START RECORD EXCERPTS

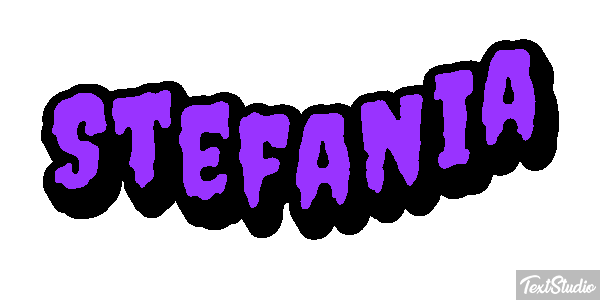Stefania Texteffekt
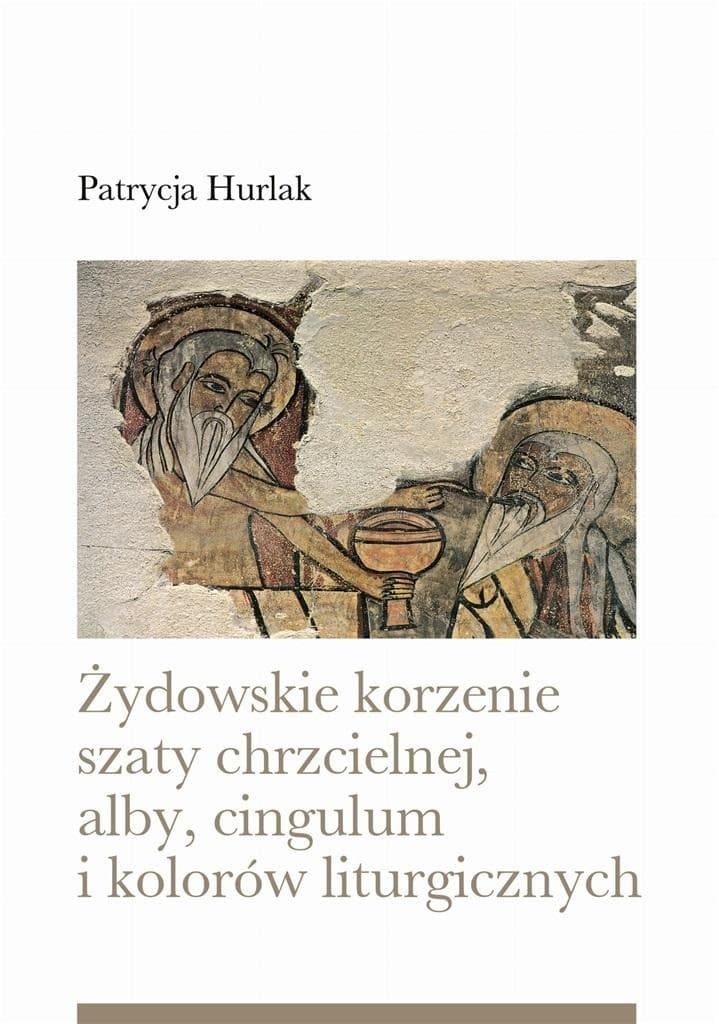 Żydowskie korzenie szaty chrzcielnej alby cingulum i kolorów liturgicznych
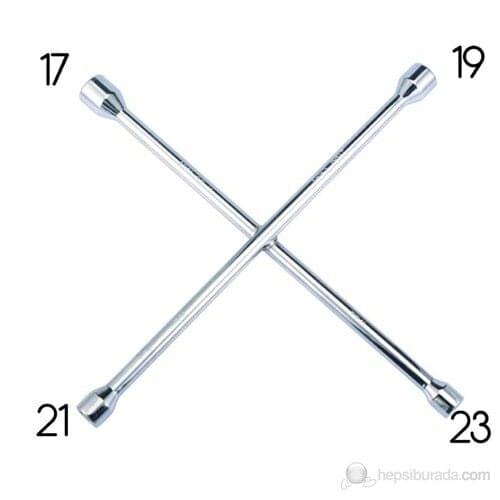 Car Wheel Nut Disassembly Wheel Wrench 17-19-21-23 Mm Screw Steel Tire Removal Machine Cover Bolt Auto Repair Tool Accessory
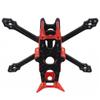 QWinOut DIY 145mm Wheelbase Carbon Fiber Rack Plate Frame Kit for FPV RC Drone Quadcopter view 4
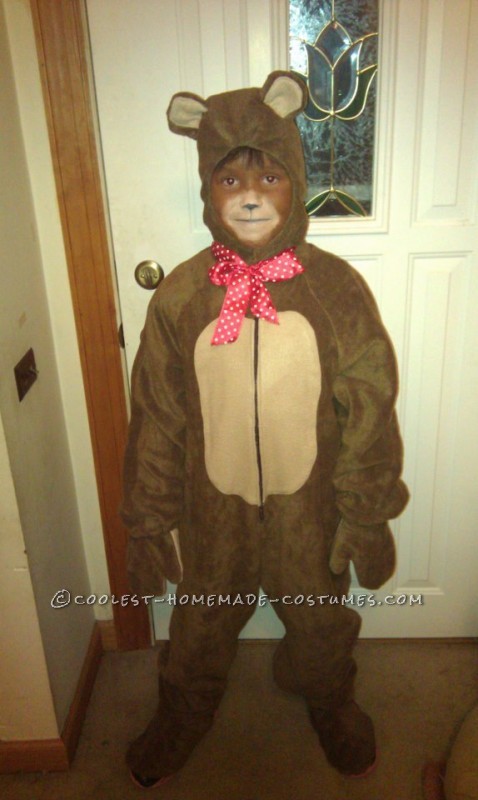 life size bear costume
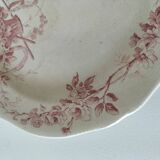 Antique Gien plate – Danube decor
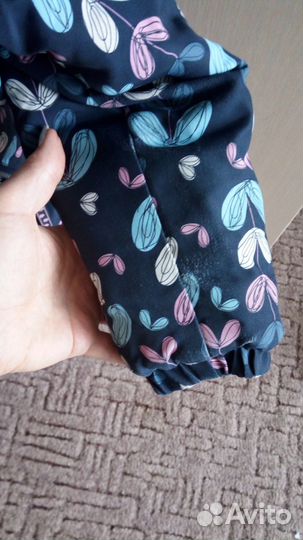 Зимний комбинезон для девочки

END RECORD EXCERPTS

§ **THE PROBLEM**: If a line falls between the one containing "Żydowskie korzenie szaty" and the last line of the records above, inclusive, restate it exactly; leave out the pictures and everything else.

§ **RESPONSE AREA**:
 Żydowskie korzenie szaty chrzcielnej alby cingulum i kolorów liturgicznych
 Car Wheel Nut Disassembly Wheel Wrench 17-19-21-23 Mm Screw Steel Tire Removal Machine Cover Bolt Auto Repair Tool Accessory
 QWinOut DIY 145mm Wheelbase Carbon Fiber Rack Plate Frame Kit for FPV RC Drone Quadcopter view 4
 life size bear costume
 Antique Gien plate – Danube decor
 Зимний комбинезон для девочки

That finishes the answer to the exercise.